C’est-à-dire que le flic est sûrement tout à fait sincère : il se dit qu’il faut neutraliser ce danger, il se dit que cet homme noir qui ne refuse pourtant pas d’obtempérer est néanmoins dangereux, sûrement, et il voit de ses yeux, qui lui mentent, une arme à feu, là où la bodycam montre bien du papier. Nous allons revoir vingt, trente, cinquante, cent fois les images, sous tous les angles et nous, spectateurs parfaitement impuissants, parce qu’on n’est jamais qu’impuissants devant la vidéosurveillance, nous ne verrons jamais autre chose que du papier. Pourtant, le flic a bien vu une arme à feu avant même qu’elle soit sortie. Il s’est convaincu que l’homme, qui était calme, qui était passé plusieurs fois devant lui avant ça, allait forcément lui tirer dessus.

Bill Morrison nous donne accès à la bodycam du tueur après qu’il a tué et on voit bien que la seule chose qui le fasse tenir et ne pas s’effondrer, c’est d’être persuadé d’avoir vu une arme à feu. Il ne racontera jamais autre chose : il continuera quoiqu’il arrive de répéter qu’il a vu l’arme. Il a une coéquipière, qui a aussi une bodycam et qui se préoccupe immédiatement de lui. Qui est bouleversée que son collègue ait dû tirer sur un homme qui, en pleine rue, a osé lui tirer dessus à bout portant, sur lui, un policier, un représentant de l’ordre. Elle ne peut pas envisager autre chose. Elle était là également et elle se persuade aussi qu’elle a vu une arme à feu et, même, elle en rajoute : il s’est débattu, c’était un forcené. C’est fou à quel point elle semble sincère, alors qu’on a été témoins impuissants du contraire. C’est fou à quel point elle est émue pour son collègue, comme elle s’inquiète pour sa santé physique (elle l’oblige à vite fuir les lieux de son crime, car elle est désormais convaincue que les passants, tous ces autres hommes noirs qui habitent ce quartier, vont à leur tour s’entendre pour le tuer, elle en est convaincue : c’est ce que font les hommes noirs quand un autre homme noir est tué) et psychologique (elle convient que ce n’est pas rien de tirer sur un autre homme et de le tuer, ça remue, ça laisse des traces).
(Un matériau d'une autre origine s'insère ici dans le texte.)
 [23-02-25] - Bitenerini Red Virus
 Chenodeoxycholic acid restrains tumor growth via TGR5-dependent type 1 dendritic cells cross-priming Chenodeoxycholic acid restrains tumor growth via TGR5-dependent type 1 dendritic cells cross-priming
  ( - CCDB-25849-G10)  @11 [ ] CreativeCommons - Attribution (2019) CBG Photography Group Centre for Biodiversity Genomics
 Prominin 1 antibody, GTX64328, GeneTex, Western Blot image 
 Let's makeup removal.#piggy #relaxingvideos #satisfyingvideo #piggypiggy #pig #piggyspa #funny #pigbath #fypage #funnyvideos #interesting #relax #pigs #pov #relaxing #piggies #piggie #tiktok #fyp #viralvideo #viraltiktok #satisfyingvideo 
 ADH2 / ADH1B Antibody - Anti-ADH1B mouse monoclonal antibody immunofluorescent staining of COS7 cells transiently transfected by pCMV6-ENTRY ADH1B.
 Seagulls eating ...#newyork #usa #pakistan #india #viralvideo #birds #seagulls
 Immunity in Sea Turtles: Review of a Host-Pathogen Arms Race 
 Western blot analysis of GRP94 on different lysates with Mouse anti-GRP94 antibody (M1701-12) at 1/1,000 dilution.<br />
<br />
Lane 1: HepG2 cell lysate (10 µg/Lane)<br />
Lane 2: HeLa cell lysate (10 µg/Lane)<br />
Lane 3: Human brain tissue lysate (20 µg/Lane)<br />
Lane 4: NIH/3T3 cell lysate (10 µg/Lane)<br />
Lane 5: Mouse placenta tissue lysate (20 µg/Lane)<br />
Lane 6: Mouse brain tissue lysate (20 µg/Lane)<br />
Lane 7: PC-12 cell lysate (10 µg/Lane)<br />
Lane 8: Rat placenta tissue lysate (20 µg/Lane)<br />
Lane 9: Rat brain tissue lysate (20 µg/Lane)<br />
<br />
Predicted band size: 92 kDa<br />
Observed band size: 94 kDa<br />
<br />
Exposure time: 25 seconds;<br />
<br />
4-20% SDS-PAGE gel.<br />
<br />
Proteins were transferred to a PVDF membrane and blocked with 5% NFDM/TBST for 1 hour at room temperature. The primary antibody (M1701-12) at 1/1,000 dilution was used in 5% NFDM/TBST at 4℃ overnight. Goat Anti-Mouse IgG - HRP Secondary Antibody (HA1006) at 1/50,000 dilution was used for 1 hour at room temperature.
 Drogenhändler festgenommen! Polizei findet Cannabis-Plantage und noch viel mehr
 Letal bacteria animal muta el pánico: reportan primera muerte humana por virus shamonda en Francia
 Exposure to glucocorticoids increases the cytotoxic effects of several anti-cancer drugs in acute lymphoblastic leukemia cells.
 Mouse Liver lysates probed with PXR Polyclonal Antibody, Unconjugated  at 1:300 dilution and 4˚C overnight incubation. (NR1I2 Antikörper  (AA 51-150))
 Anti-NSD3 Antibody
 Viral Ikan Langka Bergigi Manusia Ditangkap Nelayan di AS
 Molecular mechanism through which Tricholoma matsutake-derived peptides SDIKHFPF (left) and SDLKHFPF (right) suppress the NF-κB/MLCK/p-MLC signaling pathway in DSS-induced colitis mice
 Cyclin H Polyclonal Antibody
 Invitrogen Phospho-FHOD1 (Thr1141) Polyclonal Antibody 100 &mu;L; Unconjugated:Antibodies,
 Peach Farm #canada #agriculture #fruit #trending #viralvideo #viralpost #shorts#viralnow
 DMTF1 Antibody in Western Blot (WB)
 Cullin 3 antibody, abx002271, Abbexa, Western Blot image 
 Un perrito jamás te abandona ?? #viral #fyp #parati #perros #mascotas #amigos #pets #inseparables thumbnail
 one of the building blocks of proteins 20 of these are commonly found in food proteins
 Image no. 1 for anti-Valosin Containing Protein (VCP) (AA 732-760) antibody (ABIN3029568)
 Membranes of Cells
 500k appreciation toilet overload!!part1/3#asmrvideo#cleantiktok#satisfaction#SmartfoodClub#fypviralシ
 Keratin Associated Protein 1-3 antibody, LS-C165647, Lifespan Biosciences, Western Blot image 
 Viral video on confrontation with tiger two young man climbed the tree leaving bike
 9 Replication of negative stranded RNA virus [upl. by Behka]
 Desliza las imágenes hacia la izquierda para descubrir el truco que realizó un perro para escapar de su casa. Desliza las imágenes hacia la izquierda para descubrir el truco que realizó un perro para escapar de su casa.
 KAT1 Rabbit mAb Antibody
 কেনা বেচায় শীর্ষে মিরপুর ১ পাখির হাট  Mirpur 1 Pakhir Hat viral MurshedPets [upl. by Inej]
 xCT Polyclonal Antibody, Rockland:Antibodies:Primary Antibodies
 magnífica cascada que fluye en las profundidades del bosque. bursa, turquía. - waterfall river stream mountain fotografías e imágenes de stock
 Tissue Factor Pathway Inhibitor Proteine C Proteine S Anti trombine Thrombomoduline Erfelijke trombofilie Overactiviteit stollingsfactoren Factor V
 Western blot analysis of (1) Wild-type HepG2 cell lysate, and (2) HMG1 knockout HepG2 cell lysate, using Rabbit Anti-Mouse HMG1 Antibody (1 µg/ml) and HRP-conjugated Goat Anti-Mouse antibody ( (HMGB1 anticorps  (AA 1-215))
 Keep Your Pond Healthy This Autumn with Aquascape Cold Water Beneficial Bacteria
« Au fond de tout flic brutal il y a quand même
Un secourable ami compréhensif
En qui il y a un flic brutal. Abracadabra ! »
(Hans Magnus Enzensberger – Le lobby de la philo)

L’histoire filmée de cet incident finit là, mais rien ne s’achève : les flics ne sont pas ou peu punis ; le quartier reste pauvre ; ses habitants et habitantes restent meurtri·e·s, endeuillé·e·s ; la colère demeure un brasier vif.

Heureusement que la vidéosurveillance est là : elle permet de faire des films. C’est bien tout ce à quoi elle peut servir.